=== What to work on ===
Make an exact copy of all the records, one that contains none of the pictures.

=== Data to process ===
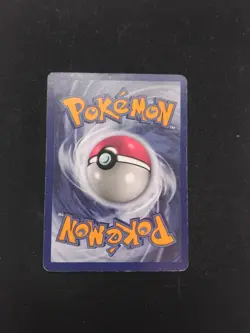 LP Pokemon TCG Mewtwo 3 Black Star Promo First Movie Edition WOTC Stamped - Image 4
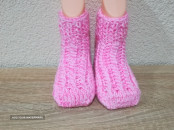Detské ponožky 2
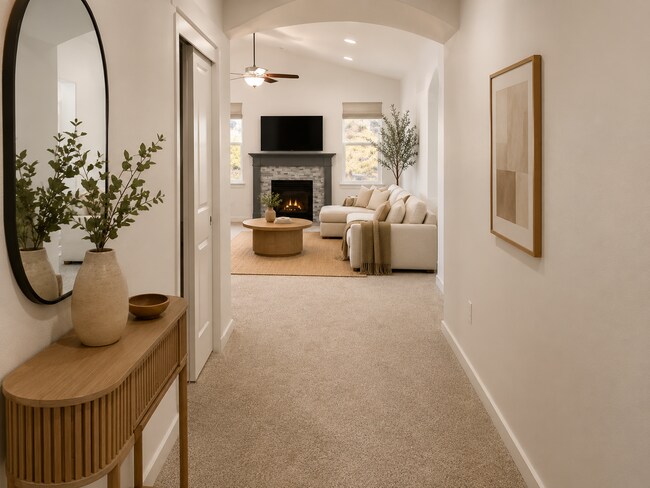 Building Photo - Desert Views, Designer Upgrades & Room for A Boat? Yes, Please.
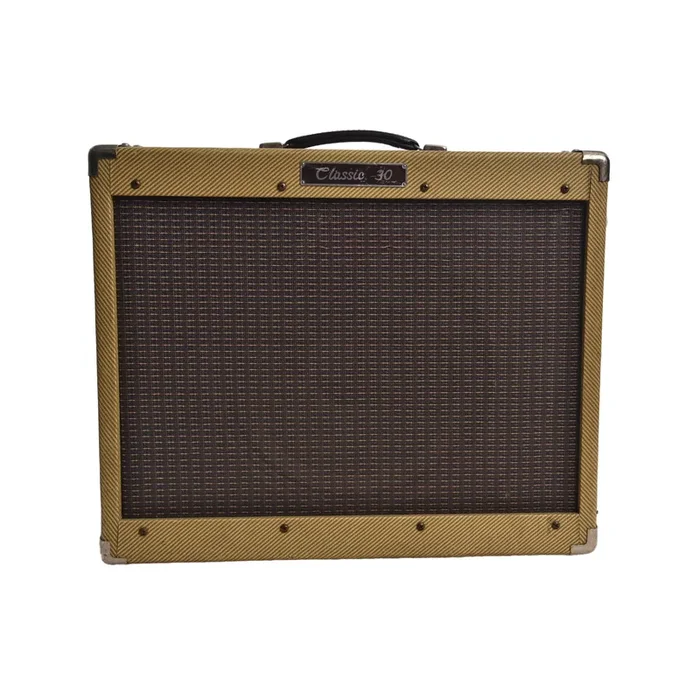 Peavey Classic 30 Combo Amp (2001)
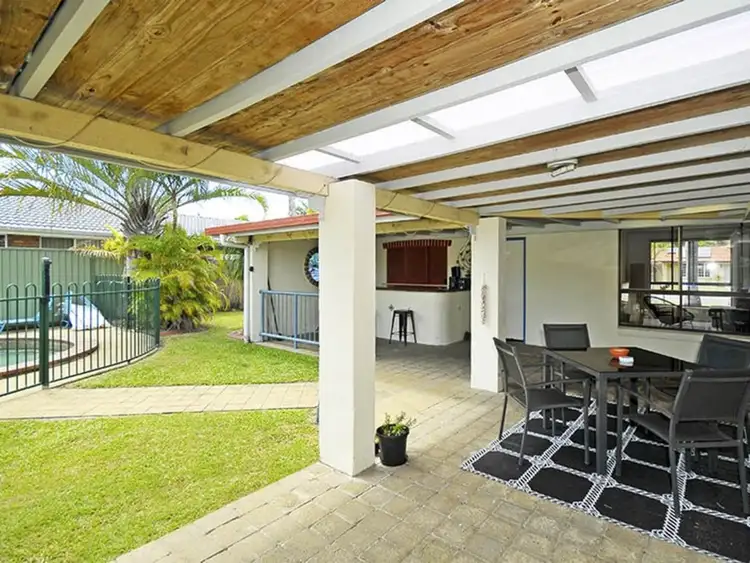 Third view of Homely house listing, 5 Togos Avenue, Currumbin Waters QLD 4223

=== Exercise result ===
 LP Pokemon TCG Mewtwo 3 Black Star Promo First Movie Edition WOTC Stamped - Image 4
Detské ponožky 2
 Building Photo - Desert Views, Designer Upgrades & Room for A Boat? Yes, Please.
 Peavey Classic 30 Combo Amp (2001)
 Third view of Homely house listing, 5 Togos Avenue, Currumbin Waters QLD 4223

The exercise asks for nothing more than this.